『虎に翼』はるが寅子に注いだ包み込むような愛情 朝ドラで描かれてきた“母親の死”
NHK連続テレビ小説『虎に翼』第58話で、道男(和田庵)に手伝いをさせ、お風呂の炊きかたを教えようとしていたはる(石田ゆり子)の白髪が増えていることに気がついた。とても優しく強かったはるも年を重ねているのだなと思っていたら、庭先で倒れ瞬く間に弱々しい姿となってしまった。急な別れがとても寂しい。 【写真】駄々をこねる寅子(伊藤沙莉)の頭を優しく撫でるはる(石田ゆり子) 近年の朝ドラでも“母親の死”はたびたび描かれてきた。温かい愛情を惜しみなく注ぐ母の死は、特に幼い時ほど主人公に大きな影響を与える。『おちょやん』(2020年度後期)の主人公・千代(杉咲花)は5歳の時に実母のサエ(三戸なつめ)を亡くしている。千代のことをとてもかわいがり、時には「かぐや姫」にたとえるほどだった。千代もそんな母親のことが大好きで、亡くなってからは母の代わりに弟の面倒をみ、家事を一手に担って、小学校に行けないくらい忙しく奮闘した。

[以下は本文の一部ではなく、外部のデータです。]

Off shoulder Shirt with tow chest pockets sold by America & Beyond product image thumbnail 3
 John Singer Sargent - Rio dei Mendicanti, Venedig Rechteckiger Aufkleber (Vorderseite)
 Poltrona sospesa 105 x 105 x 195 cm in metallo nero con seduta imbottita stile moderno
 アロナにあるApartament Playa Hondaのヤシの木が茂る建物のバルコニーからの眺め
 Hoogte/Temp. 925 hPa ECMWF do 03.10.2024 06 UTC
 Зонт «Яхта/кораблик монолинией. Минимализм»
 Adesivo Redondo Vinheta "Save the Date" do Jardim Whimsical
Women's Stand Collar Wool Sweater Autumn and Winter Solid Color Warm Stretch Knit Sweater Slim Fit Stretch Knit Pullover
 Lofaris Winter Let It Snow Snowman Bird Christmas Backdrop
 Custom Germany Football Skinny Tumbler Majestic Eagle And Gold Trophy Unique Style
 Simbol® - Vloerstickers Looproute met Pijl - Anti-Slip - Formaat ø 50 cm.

そして母から形見としてもらった月の様に綺麗なビー玉を大事にしていた。千代が頑張る理由の一つに母の存在があったのだ。 後年、千代が新喜劇への1日限りの再出演を決め、劇中にふと客席に目を向けると、父・テルヲ(トータス松本)と弟・ヨシヲ(倉悠貴)の間にサエが座っており、拍手喝采を送っていた。いくつになっても千代の心の中には、大切な家族としてサエがいたのである。 『らんまん』(2023年度前期)の万太郎(神木隆之介)は、7歳の時に母のヒサ(広末涼子)を亡くしている。ヒサは万太郎を産んでから床に伏すことが多くなり、子育てのほとんどは祖母のタキ(松坂慶子)に任せていたが、植物が好きな万太郎の成長を温かく見守っていた。万太郎は高知では有名な酒屋の跡取り息子だったが、ヒサは植物に心を奪われてばかりの万太郎の行動を決してとがめなかった。これが“好きを貫く”という万太郎の基礎ともいえる心を育てたともいえるだろう。
『ブギウギ』で描かれた大人になってから“母親の死”に向き合う辛さ
一方、ある程度大人になってからの母の死は、自分にできることや、やるべきだったという後悔がいくつも思い浮かぶからこその辛さがある。『ブギウギ』(2023年度後期)のスズ子(趣里)は、母・ツヤ(水川あさみ)が危篤との知らせを受けたが、すでにUGD(梅丸楽劇団)の看板女優となって活躍し、その日も直前に控えていた。スズ子はすぐにツヤのもとへ行くか悩んでいたが、歌手として公演を終えてからツヤと再会。枕元で自分の歌声を披露して最期を看取った。 寅子(伊藤沙莉)もはるの最期を感じ、「母に未練がないように」「自分にも後悔がないように」と数日前に出て行ったきりの道男をなんとか探して猪爪家へ連れてきた。それでも看取る間際にいろんな思いが心の中に湧き、子どもに戻ったように駄々をこねてしまっていた寅子に、はるは困った顔をしながらも優しく微笑み、頭を撫でてくれていた。 「共亜事件」が起きて辛い時でも、戦争で自分の子を亡くした時でも、相手が家族だろうと戦争孤児の道男であろうと、最期の最期まで包み込むような大きな愛を示していたはる。これまで寅子はその愛を存分に受けて育ち甘えていたが、いよいよそうもできなくなってしまった。むしろ少年少女に関わる仕事をしているからこそ、はるのような人になることを目標にするべきなのかもしれない。立場や環境が変われば、人の気持ちも大きく変わる。寅子は今後、どのように変化していくのか。